Prolific investigative reporter Daphne Caruana Galizia was murdered in Bidnija, a hamlet in north-central Malta, when a bomb exploded while she was in her car, in an attack that has shocked Malta and drawn condemnation from the European Union and journalists across the globe.
Galizia was one of Malta’s most vocal, respected, and well-known investigative journalists, particularly after she used the leaked Panama Papers to expose Prime Minister Joseph Muscat’s wife’s links to an offshore tax haven, where she was holding money from Azerbaijan’s ruling family. Galizia accused both Muscat and his wife of benefitting from the unexplained payments, and although they denied the accusations, they prompted Muscat to call for a snap election in June of this year, which he won.
In a statement, Muscat said “I condemn without reservations this barbaric attack on a person and on the freedom of expression in our country. Everyone is aware that Ms. Caruana Galizia was one of my harshest critics, politically and personally, as she was for others too. However, I can never use, in any way, this fact to justify, in any possible way, this barbaric act that goes against civilization and all dignity.”
Muscat also stated that he instructed the police force and National Security to take any necessary measures in the investigation to bring justice and to “seek assistance from international security bodies during the investigation.”

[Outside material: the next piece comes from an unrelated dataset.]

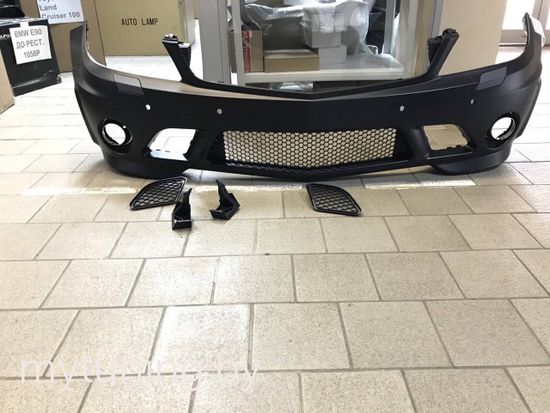 Передний бампер AMG STYLE для Mercedes C W204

The investigation is being conducted by police in Malta, although Galizia’s family has expressed concern about corruption within the police force and have asked for the replacement of the senior police commissioner and the attorney general.
In an “unprecedented measure” the Maltese government is offering a reward of €1 million for any information regarding Galizia’s murder. In a statement, the government said it would offer the reward for “whomever comes forward with information leading to the identification of those responsible” for her death. Galizia’s family have not endorsed the reward, despite being asked by Muscat himself, according to The Guardian.
Galizia frequently wrote about corruption in Malta, most prominently through her blog ‘Running Commentary’ through which she aimed to expose corruption and greed amongst the Maltese government, police, senior officials, and business executives. Galizia had used the Panama Papers to expose offshore havens of the Muscats and other high-ranking government officials, many of whom had launched libel cases against her. Galizia’s last blog post – posted only half an hour before her death – accused the prime minister’s chief of staff of corruption and labelled him a “crook.” According to the Times of Malta, Galizia had filed a police report about death threats she had received approximately two weeks before her death.
Journalists in Malta have condemned the attack and are presenting an united front in the face of the attack on journalism and free speech. The online editor of the Times of Malta, Herman Grech, said in a statement “the attack on one of us will not stop us from shining a light where others want darkness.”
Galizia’s family have also condemned the Maltese government and authorities after the attack, calling on Muscat to “show political responsibility and resign.” In a Facebook post, Galizia’s three sons said they “are not interested in justice without change. We are not interested in a criminal conviction only for the people in government who stood to gain from our mother’s murder to turn around and say that justice has been served.”
Galizia’s death is one among many in a changing world in which journalists are frequently threatened, sued, killed, or otherwise silenced by the corrupted, rich, and powerful they are attempting to expose. Her death has also shined a light on the difficulties of investigative reporting amidst declining press freedoms. According to ‘Reporters Without Borders,’ many democratic countries “began falling [in the World Press Freedom Index] in preceding years and now, more than ever, nothing seems to be checking that fall.” However many European nations, including Malta, have never experienced violence against journalists on this scale. The attack prompted Frans Timmermans, the first Vice-President of the European Union to state that “if journalists are silenced, our freedom is lost.”
The attack has also exposed Malta’s dark underbelly in which those in power will go to extreme lengths to stay in power, and has increased fear in the lives of other Maltese journalists. In a small country with low crime against public figures and relatively safe streets, many have speculated that Galizia’s murderer was someone she had written critically about in the past, or someone who had taken offence at her writings and was attempting to send a message to the government or press through her death.
Freedom of the press – in every nation – is an institution that must always be protected and upheld, especially in cases where corruption is prominent. Without free press, secrets, lies, and corruption will go on unnoticed, tipping the scale towards those with more power, while harming those without. The incident in Malta, and other incidents in which journalists have been silenced, point to an alarming global shift, and until governments and authorities across the world ensure free press, will result in a breakdown in democracy and the rule of law.